# TRY IT
Copy out the whole listing exactly as given. Skip the pictures.

# GIVEN INFORMATION
-- -- --

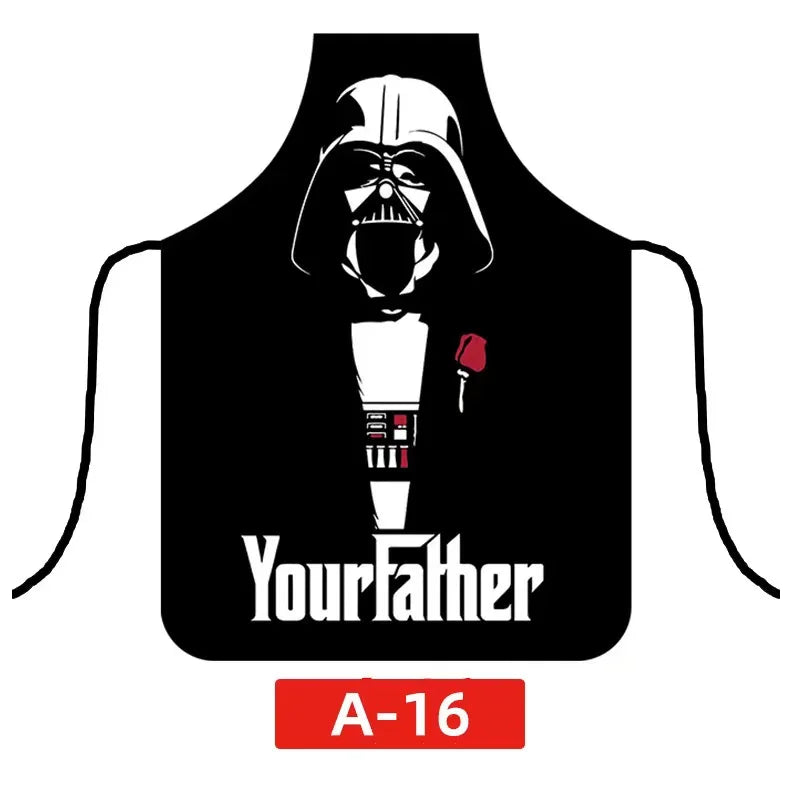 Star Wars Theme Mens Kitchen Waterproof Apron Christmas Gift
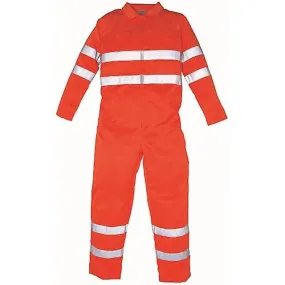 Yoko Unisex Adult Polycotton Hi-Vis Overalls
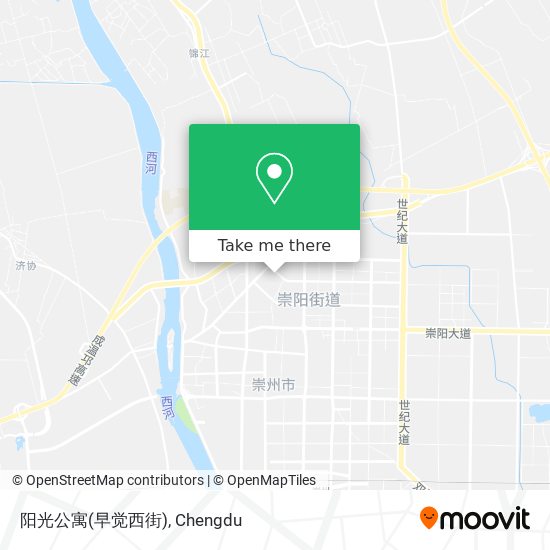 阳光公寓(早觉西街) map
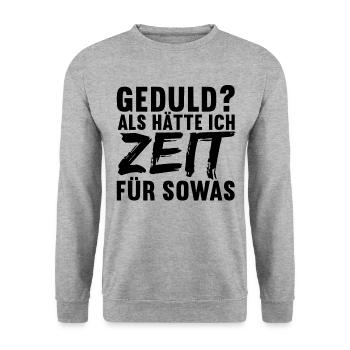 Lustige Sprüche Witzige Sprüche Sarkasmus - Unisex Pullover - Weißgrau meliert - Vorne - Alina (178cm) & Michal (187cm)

-- -- --

# RESULT FOR THIS EXERCISE
 Star Wars Theme Mens Kitchen Waterproof Apron Christmas Gift
 Yoko Unisex Adult Polycotton Hi-Vis Overalls
 阳光公寓(早觉西街) map
 Lustige Sprüche Witzige Sprüche Sarkasmus - Unisex Pullover - Weißgrau meliert - Vorne - Alina (178cm) & Michal (187cm)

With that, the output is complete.